StanC also says it is seeing initial signs of a revival in private capex driven by deleverage corporate balance sheets and improved bank lending to investments amid a broad-based pick-up in capacity utilisation.
Finally, on the external and macro front, India’s external debt-to-GDP remains low at 18.4% for FY 2023, tracking below its 10-year average of 21.6%.
And credit growth has risen to a decade high of 15% yoy for FY 2023. India’s corporate balance sheet post the painful deleveraging cycle of 2010-2020 and stable asset quality is good news.
Also, capacity utilisation has risen to 74% in Q3 FY 2023, above the long-term trend, something economist Dr Brinda Jaghirdar also highlighted to us just the day before.
Increased disease surveillance can help lives.
As Covid was raging, a point that kept emerging including through the words of philanthropist Bill Gates was the need for increased disease surveillance. To spot infections diseases as they emerged and thus get the machinery to cure and potentially vaccinate against that disease up and running faster.
Illumina, a $32 billion biotech major has worked on surveillance projects around tuberculosis in India, including in understanding multi drug resistance to it.
Using next generation sequencing as it is called, scientists are finding the key to respond faster.
All this could in general lead to faster disease or illness identification, response and more targeted medicines or medication.
I caught up with Joydeep Goswami, Chief Strategy and Corporate Development Officer for Illumina, visiting India right now to open a new office in Bangalore and began by asking him to tell me about what was happening in TB surveillance before moving on to overall disease surveillance.
If all this news on falling rupee and pound is depressing you, by the way, did you know that it is Rs 106 to a pound, reports are emerging that India may agree to slash tariffs on British cars and scotch whisky even as the UK is willing to relax some visa rules for Indian professionals, Indian officials said.

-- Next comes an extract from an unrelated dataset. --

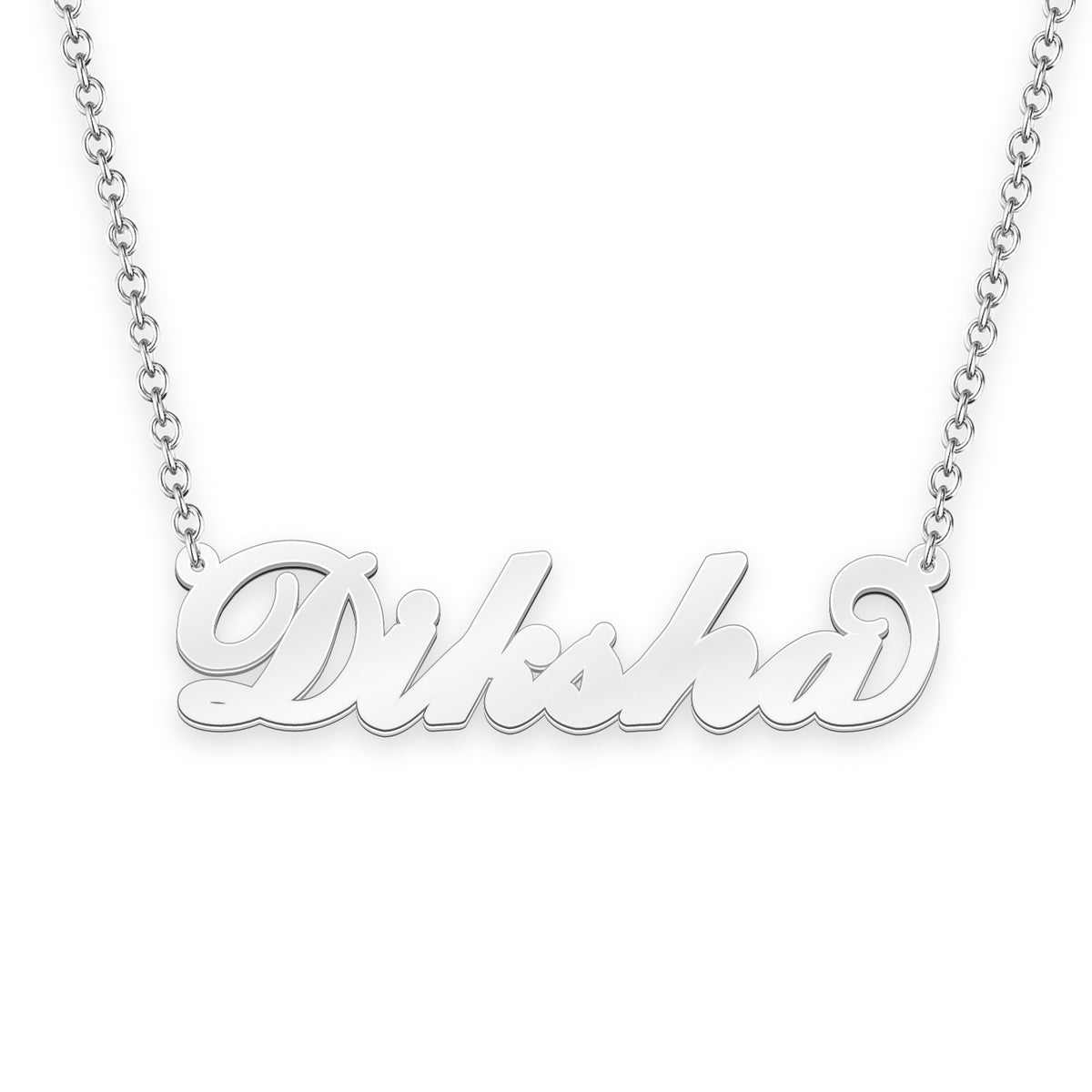 diksha name locket image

The important point is of course that while scotch whiskey consumption usually defies slowdowns and recessions, tipplers could surely enjoy a little more knowing that they were paying a little less.
India and the UK have softened positions on most of their points of contention as both nations try to wrap up trade talks ahead of expected national polls next year, sources told Bloomberg.

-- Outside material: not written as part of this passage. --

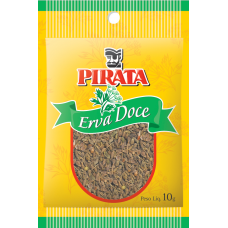 ERVA DOCE PIRATA 10 GR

Prime Minister Narendra Modi and his British counterpart Rishi Sunak are pushing to double bilateral trade by 2030 through a pact that slashes tariffs and increases market access.
The two governments hope to wind up the trade talks before year-end, Indian and British officials said, Bloomberg said.

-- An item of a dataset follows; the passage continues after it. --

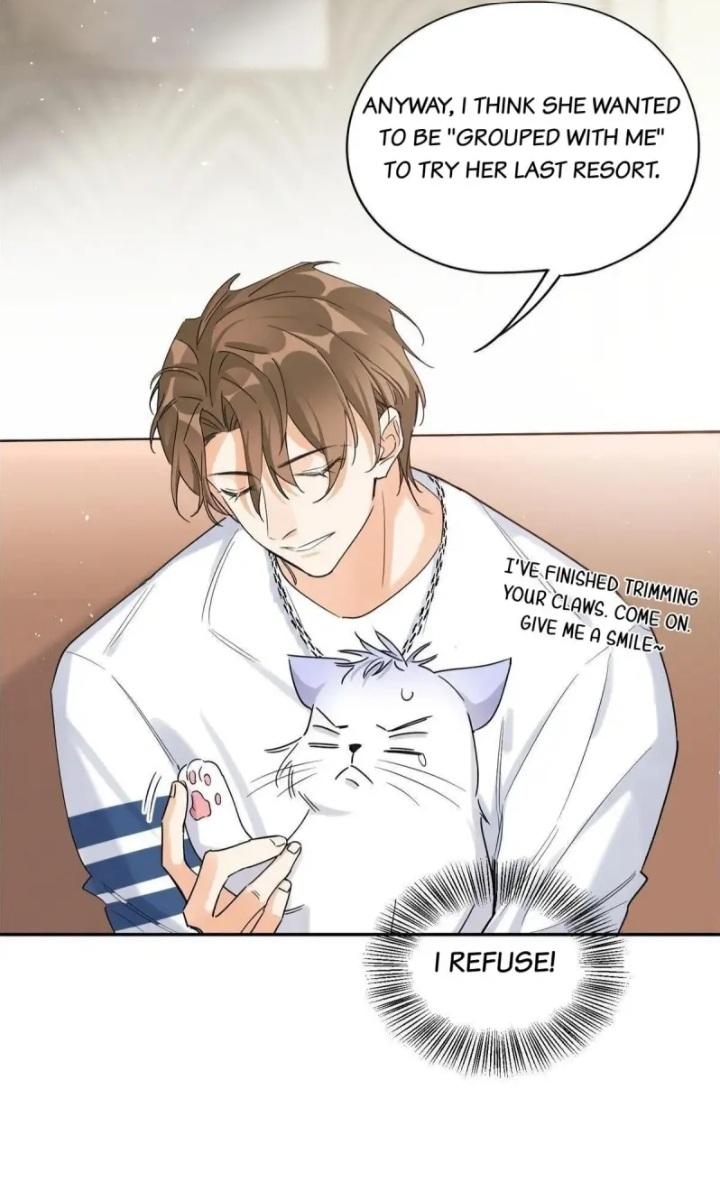 I Have To Work Hard As A Cat Today Chapter 41 - page 10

Yes, all this means that it's some time away before prices come down, if they do but the knowledge of it may also be of some help to some.
And before I go, some news from space.
Chandrayaan-3 entered the final leg of its mission on August 17, following a controlled separation of the lander and rover payloads from the propulsion module.
The lander named Vikram and the rover named Pragyan underwent a successful separation from the spacecraft's propulsion module at around 1:15 pm on August 17, the Indian Space Research Organisation (ISRO) said.
The separation process marked the beginning of the most crucial stage of the Moon mission, launched from Sriharikota on July 14.
The key objectives of the mission, as outlined by the space agency are to demonstrate a safe and soft landing on the Moon, and a demonstration of the Pragyan rover collecting lunar data for scientific experiments.